Today's destination is the Salar de Uyuni (Bolivian salt flats). The largest in the world they cover over 10,000 square km, and according to one of our group, are used to calibrate satellite altimeters.

Entry to the flats is through a grubby small town through which streams of tourists flow in 4x4s to reach the flats. The salt is very dirty as you approach the main flats, but gradually the white becomes 'cleaner' the further you go. There are several salt hotels on the edge that look like regular white brick buildings, which are in fact made entirely of salt.

Salt brick bay window
Once on the salt we follow Cory to the roundabout a few clicks into the flats. We stop there to soak up the international atmosphere with all the flags planted on the roundabout and the myriad of tourists from around the globe striking various poses against the salt backdrop. Here there is also another salt hotel but we have the opportunity to get up close this time. Like the others it is constructed from salt bricks, each displaying its striations of layered salt, alternating clean and dirty. The bricks are sliced from blocks that are extracted from the salt flats and the layering results from the deposition of salt over thousands of years. Inside the hotel is a museum of statues carved from large salt blocks and despite salt being dissolved by water the hotels do not need to be rebuilt often and they are a near permanent feature on or around the flats. There are no toilets in the hotel (at least for casual visitors) as there is no way for the waste to be disposed of; I suspect hotel guests do have toilet facilities via a septic tank.
Salt sculptures
There are also several islands on the flats that have a unique vegetation adapted to the harsh climate, wind, cold, etc. We certainly felt both and had to stay wrapped up well while we were there.

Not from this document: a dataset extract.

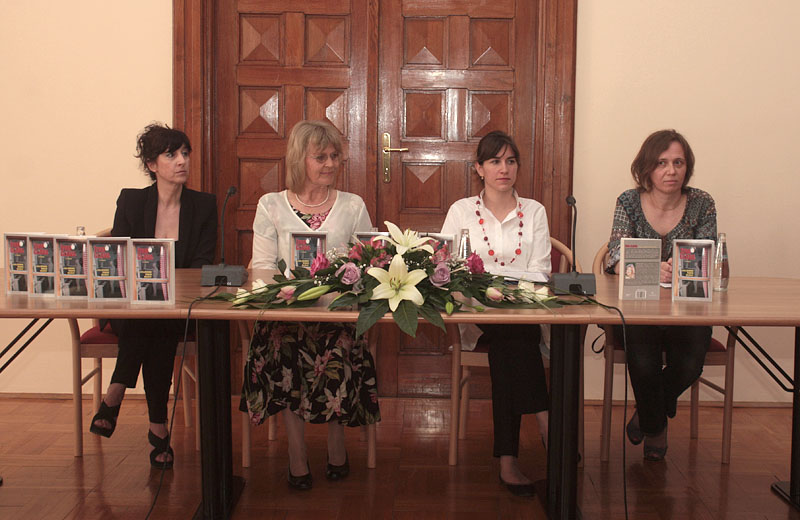 Julianne Eden Bušić predstavila novu knjigu “Živa glava”, Foto: Lucija Juravić Julianne Eden Bušić predstavila novu knjigu “Živa glava”, Foto: Lucija Juravić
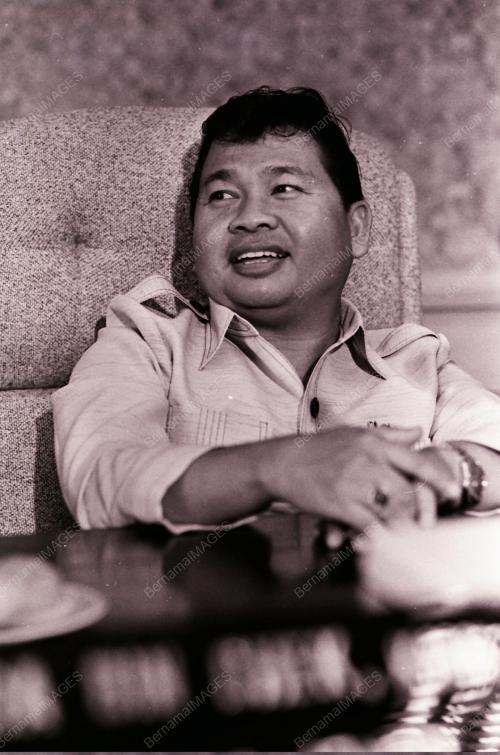SACI ZAKARIA CHEK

The salt on the flats is completely... err.... flat (hence the name, derrrr!), apart from a hexagonal pattern of fine raised ridges, which are composted of fine salt crystals. This must be a product of the evaporation process after the flats are flooded every year by the seasonal rains. The surface itself is very hard and surprisingly grippy. It takes a while to get your head around the fact that you have grip as for all intents and purposes this looks exactly like a huge sheet of ice, and we all know: bikes and ice don't mix!

From the roundabout we head towards the centre of the flats and because there are no roads, no limits, and no restrictions, we all pin the throttle and zoom. Eventually, once out of sight of the hotels and any other tourists we 'camp'; the support truck stops and starts preparing lunch and a brew. From this base camp we all start playing.
The clouds are more interesting (note: on salt one has two shadows!)

We take turns doing flat out runs in various aerodynamic configurations: head down; head down, legs up; head down legs right up, in a near plank. The most we see on the speedo is about 85mph. The surface, although flat, is not smooth and restricts our top speed. We video, take photos and get up to all sorts of malarkey.

Gerard on a high speed run (with Kelvin-Helmholtz clouds in the background)
On the Bonneville salt flats they say you catch "salt fever" and on the Salar de Uyuni there were certain behaviours of our group that can only have resulted from a fever of some kind. They say what goes on tour stays on tour, so that's all I'll say! ;-)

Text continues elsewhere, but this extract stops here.